Another time, while lying in his hospital bed, sustained only by a thin plastic tube of oxygen, he told me, “I can’t make this world a kinder place for you. But I showed you commitment and I gave you strength, and if you know nothing else, know that whatever happens, life can never break you.” These words were spoken many years ago but I still hear them like it was yesterday.

This week my father’s voice will have been gone from this world for a quarter of a century.  And yet, as one year follows another, I still find myself looking for him, and in the moments when I need him most, I follow his memory to the places that he loved — the cliffs of the Jersey Palisades or the banks of the Hudson River, where every rustle of leaves and breath of salty air carries a trace of his voice.

Every Father’s Day I visit the cemetery where he rests and I pour a snifter of Irish whiskey upon his grave, to honor the man who gave me life and good humor and, most of all, the gift for knowing that no moment is ever truly ordinary. I toast him to remind myself I have a father who is with me every day. After all, I came into this world as his daughter — that relationship doesn’t stop with the last beat of his heart. Nor will it stop with the last beat of mine.

So join me in the tradition of toasting my dear old Irish dad; and here’s to yours, whether his spirit dwells beside you or inside you.

“May the roads rise to meet you, may the wind be always at your back, may the sun shine warm upon your face, the rain fall soft upon your fields, and until we meet again may there be a generous bartender waiting to serve all us heathens in heaven.”

 

Ann lives in Leonia, NJ and you should check out her column called —  Mom to Mom: Motherhood, Madness & Merlot.



2 Responses to “Always Your Daughter”

  1. Lisa Wright says:

    That is such an incredible way to honor your Father, the story and the Irish Whiskey.
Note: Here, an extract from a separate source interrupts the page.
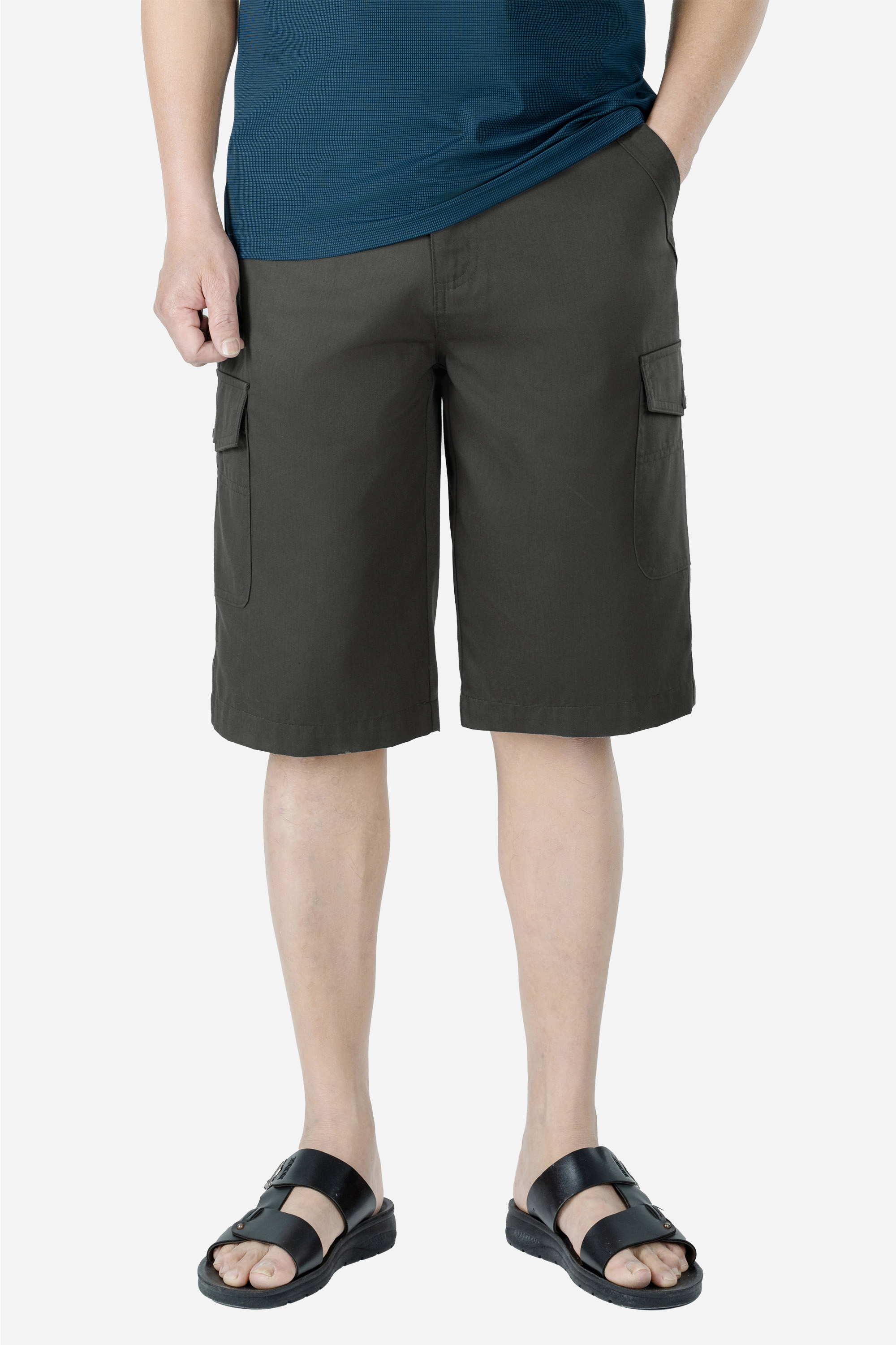 Quần Soọc Kaki Túi Hộp Nam Trung Niên ANCHI Dáng Suông Dài Qua Gối Màu Xám Đậm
It touched my heart so much that I had to read a few passages a second or third time because my tears of; sadness, joy, pride, and love, that you must have felt filled my heart. Thank you so much for sharing this.

  2. Thank you for giving me courage tonight. Like you, I had a remarkable father. Like you, my father is now gone physically (Dec 9, 2013). And like you, God and life gave me a few years to release him slowly, every visit treasured. But my grief is new, and the longing for him is still raw, springing up at strange moments in my day. Thank you for your words.